I've found any Fractal factory presets are automatically updated and use the latest Quantum 4.0 modelling.
Any presets you made yourself previous to updating will have to be manually set to 'latest', found in preamp tab of Amp block in Axe-Edit
Check it out with Axe-Edit.
This is not what I am finding at all.
I loaded Q 4.0 and then scanned through my factory presets and for example, CE-1 Chorus shows 2.04, Comp Cln shows 2.04, 1959 SLP show 3.xx, after searching a bunch of them, I don't find any at Q 4.0 and yet my system and axe edit clearly show 4.0 is loaded. Even if I freshly import a factory preset it still shows Q3.xx.
I find this really frustrating. Does this mean I have to step through 384 factory presets to manually bring them all up to Q 4.0?
I get the feeling that I'm in the minority here but I think that if I load Q 4.0, I should expect to hear all my presets using Q 4.0 without having to spend hours telling each and every one of them that yes, I really do want to use 4.0!
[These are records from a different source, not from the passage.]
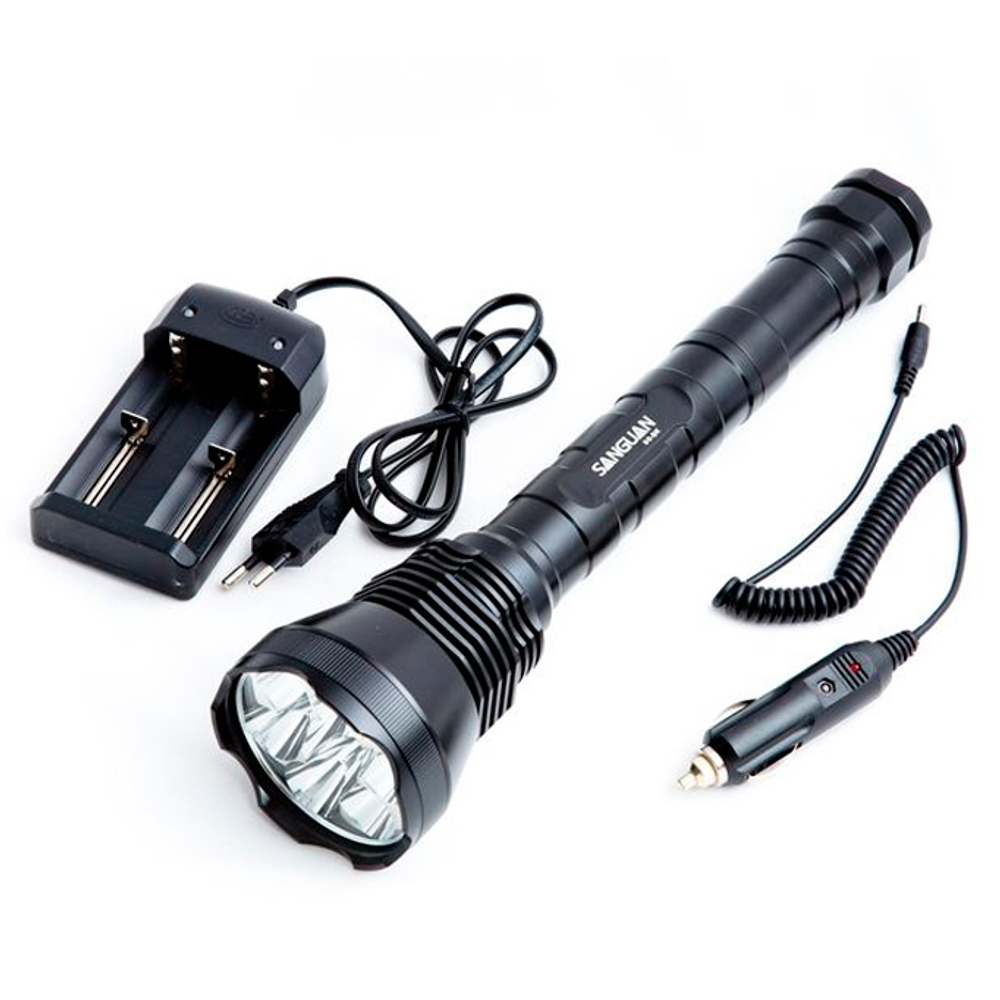 Светодиодный фонарь SANGUAN 3G-12K, CREE XM-L T6, 12000lm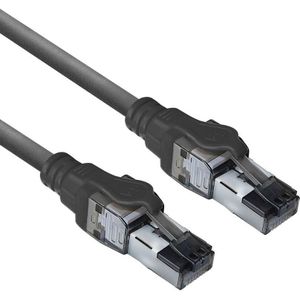 SFTP CAT6a netwerkkabel | 4PPoE/PoE++ 100W | LSZH | zwart | 3 meter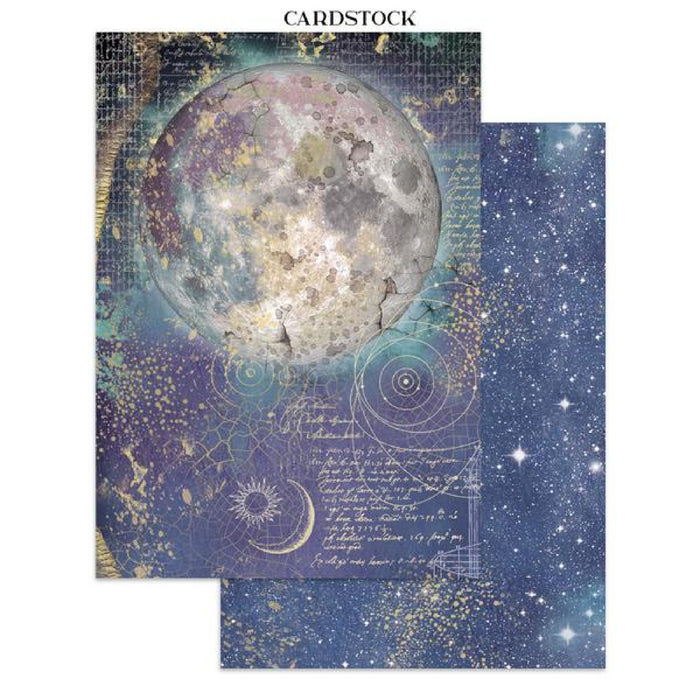 Stamperia Paper Cosmos Infinity A5 Junk Journal Focus Points
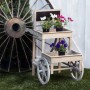 64" Rustic Wooden Potting Bench with Shelves and Drawers
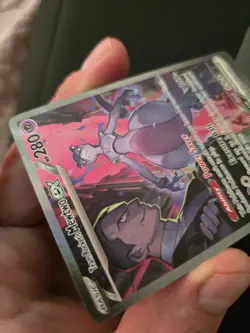 Pokemon TCG Destined Rivals Team Rocket's Mewtwo EX SIR 231/182 - Image 5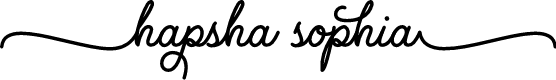 Hapsha Sophia Script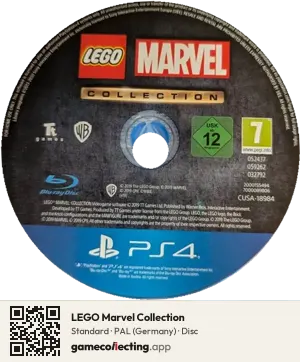 LEGO Marvel Collection PlayStation 4, PAL disc
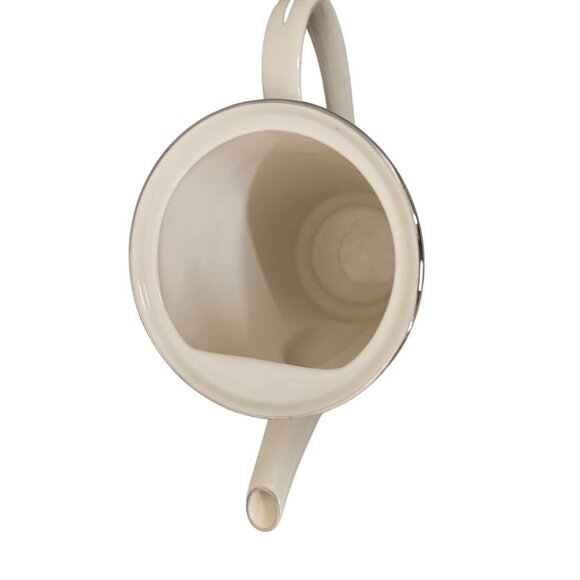 Lenox Charleston Coffee Teapot w/ Lid Floral 8.5" H - Picture 7 of 9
For those people who have a small number of highly developed presets and want to compare 4.0 to 3.xx, they are already committed to spending hours if not days on a particular preset and will switch back and forth between 4.0 and 3.xx many times, so it doesn't really matter if the preset starts off in 4.0 or 3.xx or whatever.
Those of us who simply want to run with the best that Cliff has to offer and use that as our starting point, starting out in 4.0 saves us a lot of work especially if, for example, you rely on the factory presets as your starting point and want to hear them all in 4.0 or if you've purchased presets from an external source ( e.g. Fremen ) and want to hear them in 4.0.
One other point, if this is the way that we will be going in the future, it would be nice to have the Modeling Version Option at the top of Axe Edit, so that you don't have to drill down so far into Axe Edit (Preset->Amp->Pre-Amp->Revision ). With a small # of presets, no big deal. With having to convert 384 of them, it adds up.
Mentioned this earlier, but a batch conversion tool that reads a file with a list of presets and modeling version as data pairs, could make this approach work for everyone. At the very least, having a set of factory presets available that were set up to use 4.0 as a default could also save some time.
End of story --- back to manually converting the factory presets to 4.0!